++++ DATA EXTRACT ++++

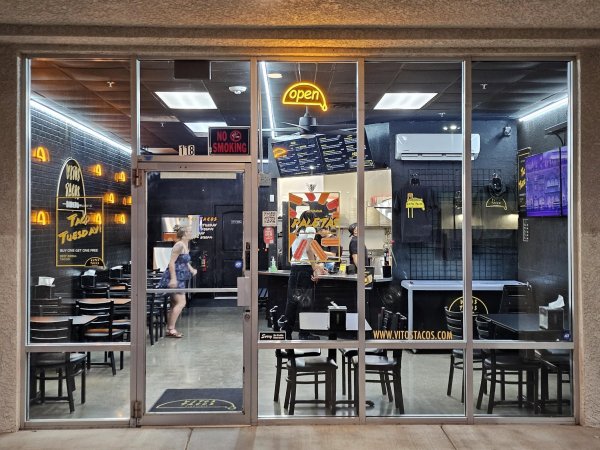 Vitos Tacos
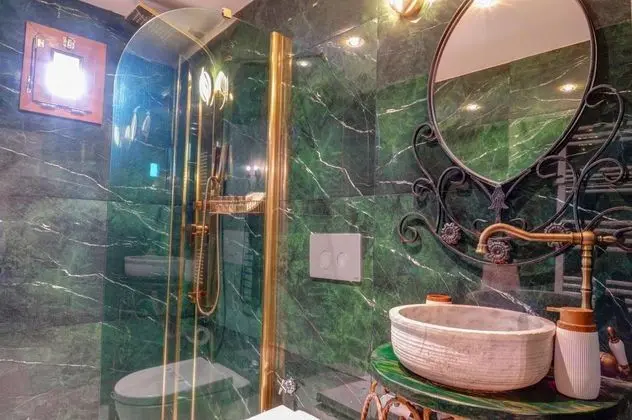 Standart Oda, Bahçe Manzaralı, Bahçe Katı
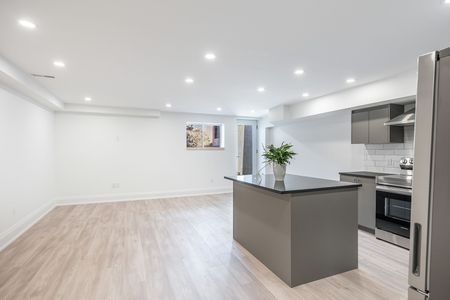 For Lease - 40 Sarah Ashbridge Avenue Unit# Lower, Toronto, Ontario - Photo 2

++++

• [GOAL OF THE EXERCISE]: Your copy must start at the line that holds "Standart Oda, Bahçe Manzaralı, Bahçe Katı" and end at the last line of the data, both included; it must contain no pictures.

• [RESULT]:
 Standart Oda, Bahçe Manzaralı, Bahçe Katı
 For Lease - 40 Sarah Ashbridge Avenue Unit# Lower, Toronto, Ontario - Photo 2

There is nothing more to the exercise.